Open agbeltran opened 2 years ago
I don't believe we need to have such a pid_scheme
attribute for this. A proper use of the respective pid
attribute is sufficient to disambiguate.
At HZB, I use the convention to always add a scheme prefix separated by a colon into the pid
or doi
value.
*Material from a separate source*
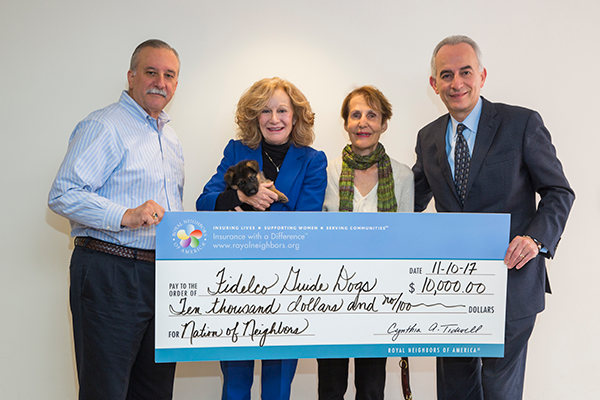 Photo of Pete Tedone, Fidelco director; Cynthia Tidwell, Royal Neighbors president and CEO; Lillian Johnson, Fidelco client and board member; and Eliot Russman, president of Fidelco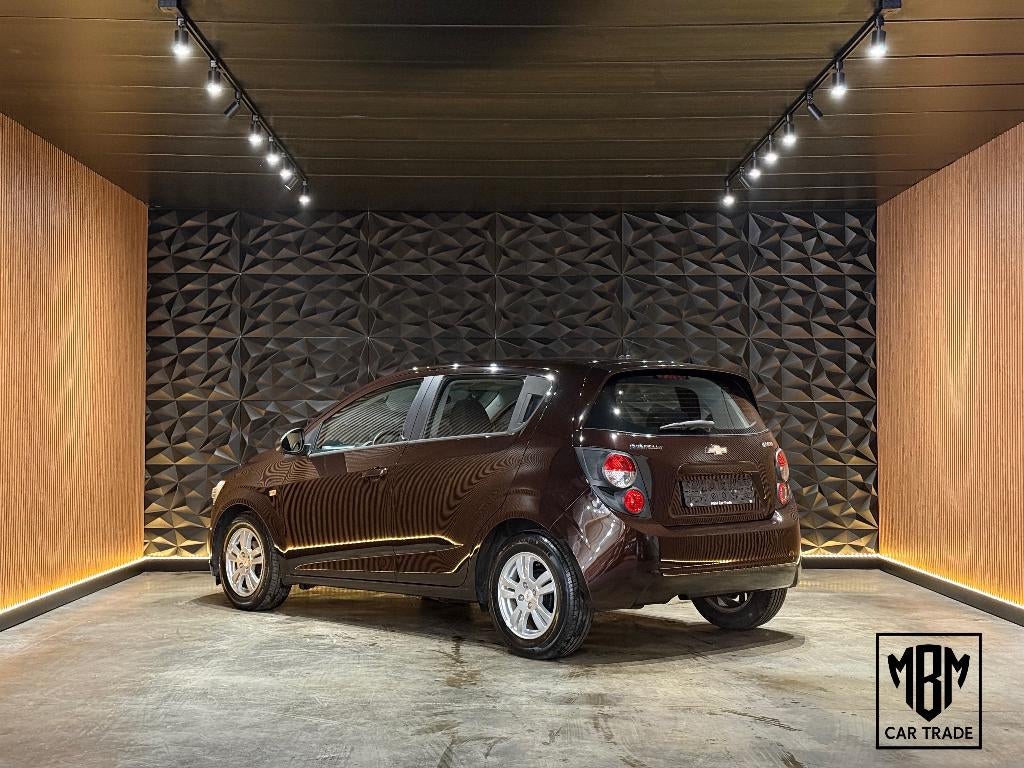 ✅ Chevrolet Aveo 1.2i 12 Maand GARANTIE Airco Cruise Control, Auto's, Chevrolet, Voorwielaandrijving, Euro 5, Stof, 4 cilinders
To give an example, the ICAT content for one of our data publications looks like (output trimmed for brevity):
>>> query = Query(client, "DataPublication", conditions={"pid": "= 'DOI:10.5442/ND000006'"}, includes=["fundingReferences.funding", "relatedItems", "users.affiliations"])
>>> client.assertedSearch(query)[0]
(dataPublication){
# …
description = "…"
fundingReferences[] =
(dataPublicationFunding){
# …
funding =
(fundingReference){
# …
awardNumber = "ExNet-0042-Phase-2-3"
funderIdentifier = "Crossref Funder ID:10.13039/501100001656"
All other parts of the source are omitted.